| What to do |
Transcribe word for word each line from the one containing "3 PCS Outdoor" to the final line of the data, both included. Skip the pictures.

| Source data |

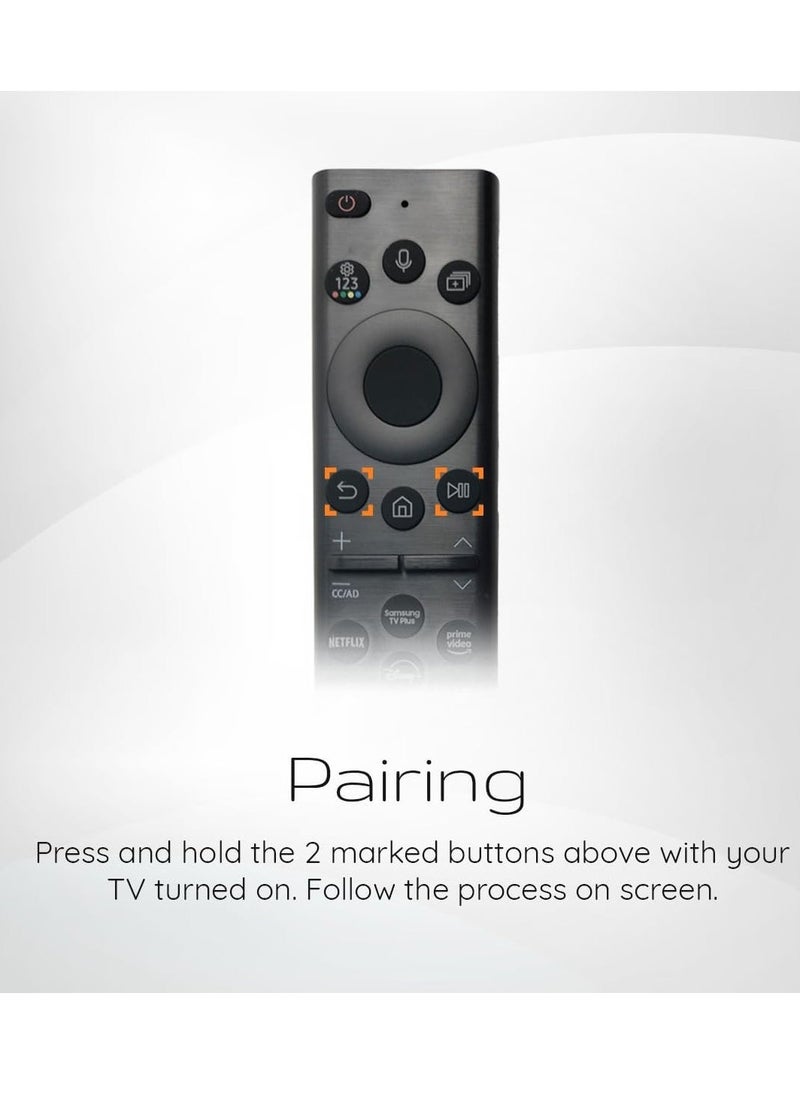 ELTRAZONE - Original OEM BN59-01385A Solar Voice Remote Control for Samsung Smart TVs, Compatible with Neo QLED, The Frame & Crystal UHD Series - 2021 Model, Eco-Friendly & Rechargeable - Image 1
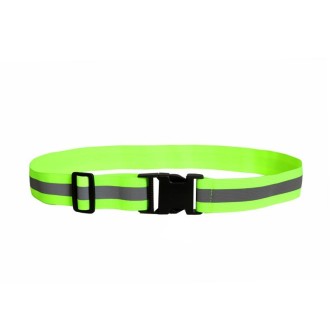 3 PCS Outdoor Adjustable Night Running And Cycling Reflective Waistband, Specification: 4cm Width(Green)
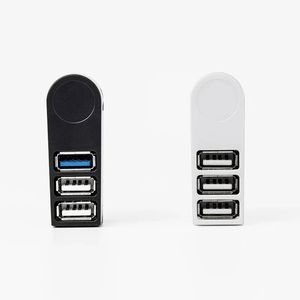 Porta USB a 3 rotazione universale USB 3.0 con cavo Adattatore di cavo splitter Mini Socket Mini Hub ad alta velocità per PC per laptop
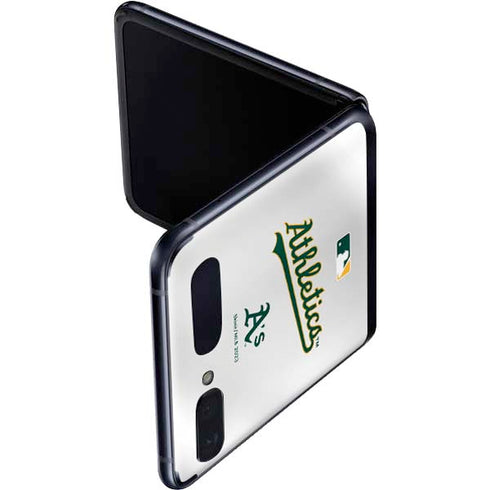 MLB Oakland Athletics Home Jersey Galaxy Z Flip Skin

| Answer area |
 3 PCS Outdoor Adjustable Night Running And Cycling Reflective Waistband, Specification: 4cm Width(Green)
 Porta USB a 3 rotazione universale USB 3.0 con cavo Adattatore di cavo splitter Mini Socket Mini Hub ad alta velocità per PC per laptop
 MLB Oakland Athletics Home Jersey Galaxy Z Flip Skin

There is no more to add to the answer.